Building Blocks: Deep ball, nice placement for a jump ball challenge type play,

29.

Targets for Improvement: Placement, accuracy. “Bad Kizer”

Building Blocks: Correct read, good touch pass

30.

Targets for Improvement: Decision making, late game turnovers, “Bad Kizer”

Building Blocks: Big play ability; Mobility

31.

Targets for Improvement: Nothing, perfect pass

Building Blocks: Touch, placement, timing, accuracy, quick release, “Good Kizer”

32.

Targets for Improvement: Vision, decision making, throwing into double coverage, “Bad Kizer”

Building Blocks: Stands in pocket under pressure, change platform

33.

Targets for Improvement: Footwork, placement, accuracy, “Bad Kizer”

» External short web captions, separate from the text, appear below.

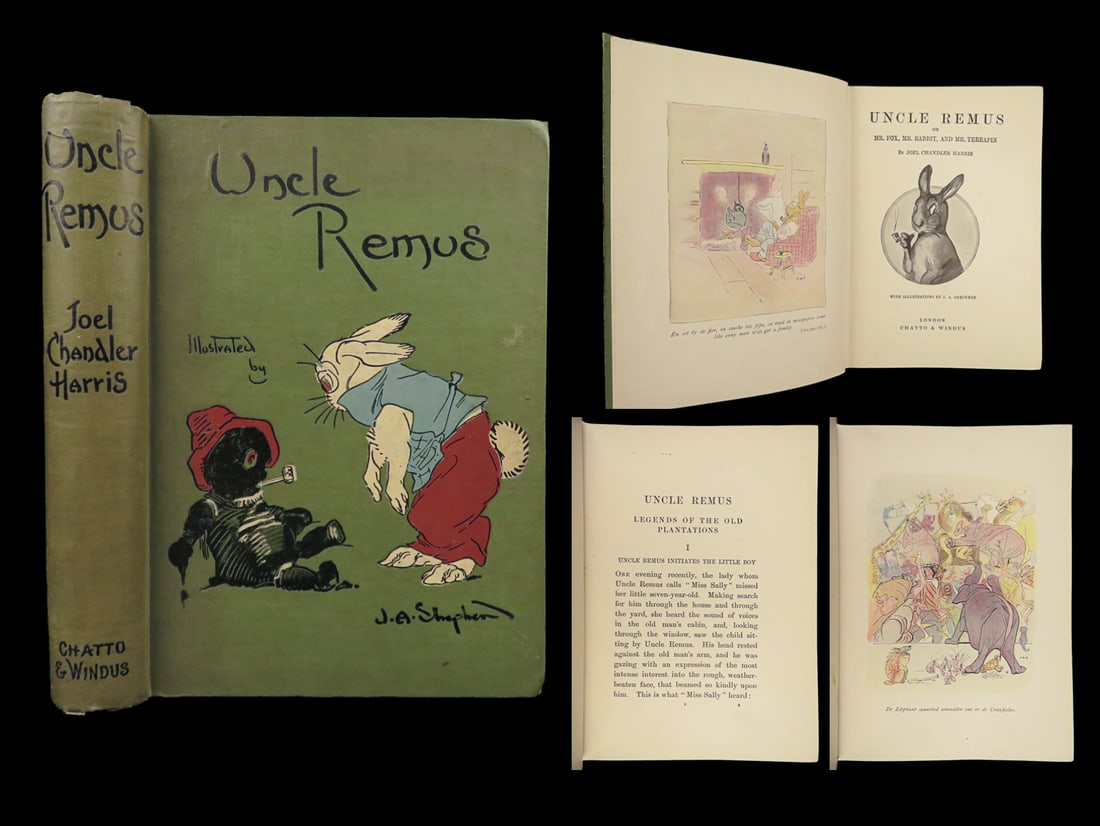 1927 Uncle Remus Joel Harris Illustrated Slave Literature Folklore Americana: 1927 Uncle Remus Joel Harris Illustrated Slave Literature Folklore Americana Brer Rabbit and crew are the basis and inspiration for Disneys black folklore, controversial tale “Song of the South&rdqu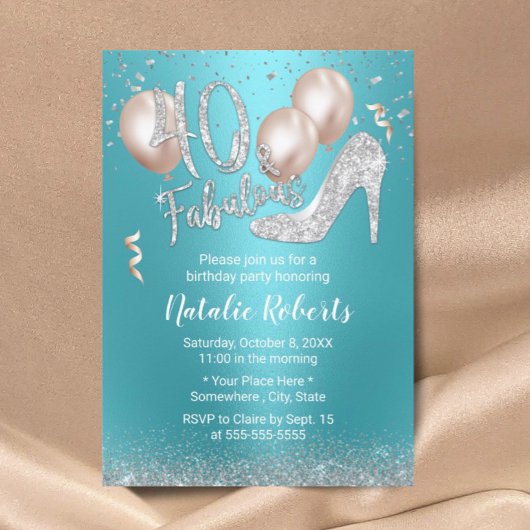 Invitation Fabuleux 40 Moderne Turquoise Argent 40e anniversa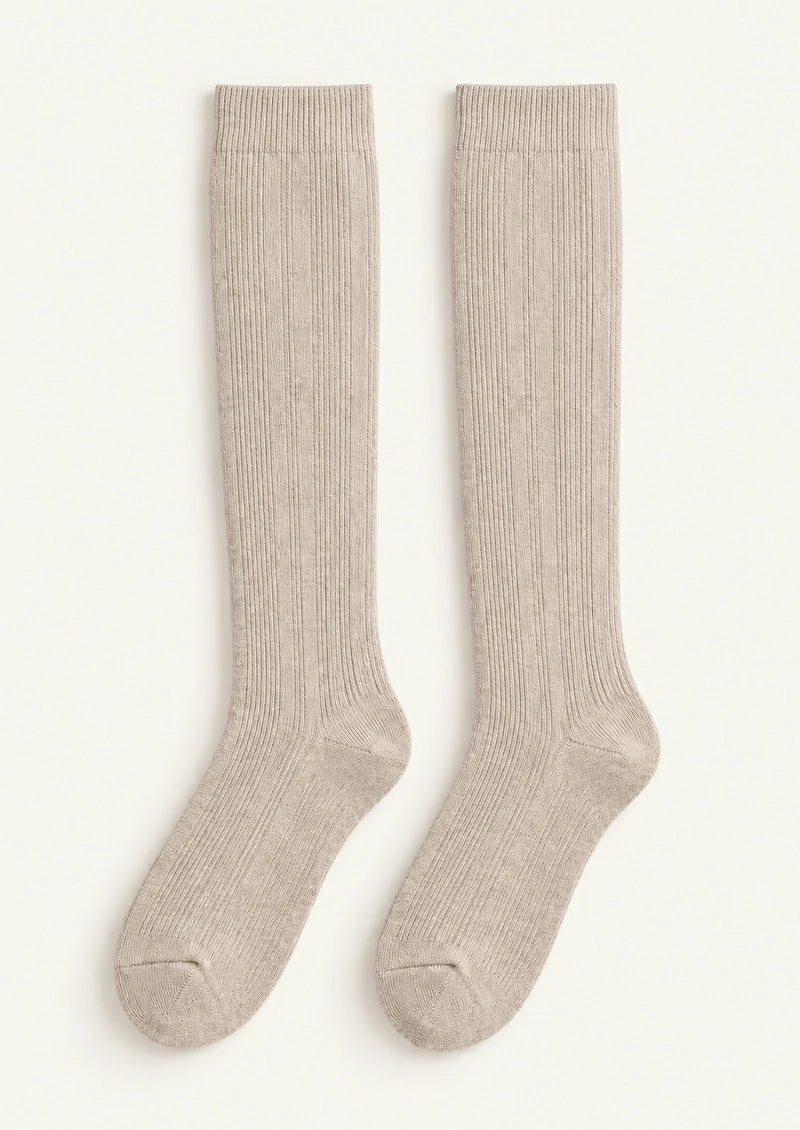 Solid Ribbed Knee-High Socks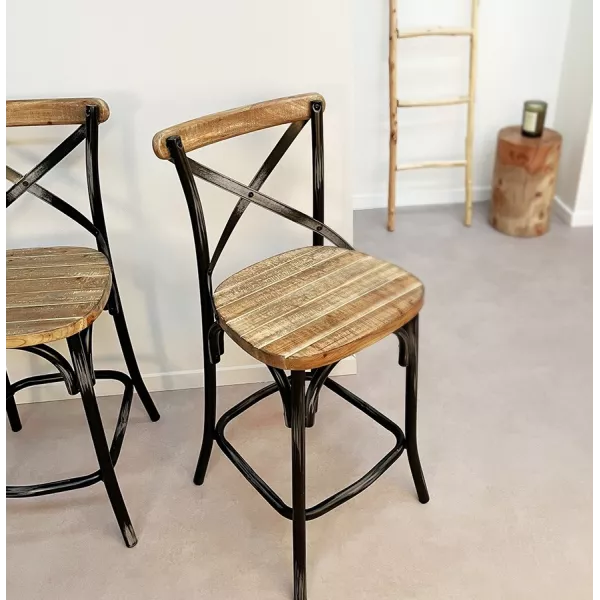 Tabouret de bar bois effet vieilli RANCH (Beige, Noir)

Building Blocks: It’s the right read, timing is OK, ball just sails high

34.

Targets for Improvement: Re-set footwork, balance, negative the pump-fake when not needed unless it was used to avoid rusher’s hands

Building Blocks: Pump fake, arm strength, accuracy, placement, avoids deflection “Good Kizer”

FUTURE WITH THE BROWNS

The Browns walked away with 3 first round picks, an extra 1st in 2018 and used an acquired 2nd round pick on DeShone Kizer. They didn’t panic. They had a plan. While I can confirm that Hue Jackson loved Mahomes, he was plenty happy to have landed Kizer, especially where we did.

If Kizer shows strong signs that he can be the quarterback Hue Jackson wants, he may have the ball turned over to him at some point this season. However, the much more likely outcome of Kizer developing ahead of schedule (and doing so to the liking of Hue Jackson and the team) is that we won’t need to use any of our hoard of 2018 draft picks to move up for a QB. If he doesn’t show signs that he can quickly improve, then we’ll be debating about Allen, Rudolph, and Darnold soon enough. In a world where DeShone can develop into “Good Kizer” the majority of the time (I hope we find this world) I realistically see a quarterback that can lead the Browns to a winning season by 2019.

That’s a big leap.

For now, let’s see how quickly he can climb each of his mountains. If Kizer can emerge and become the best version of himself, we could be in business.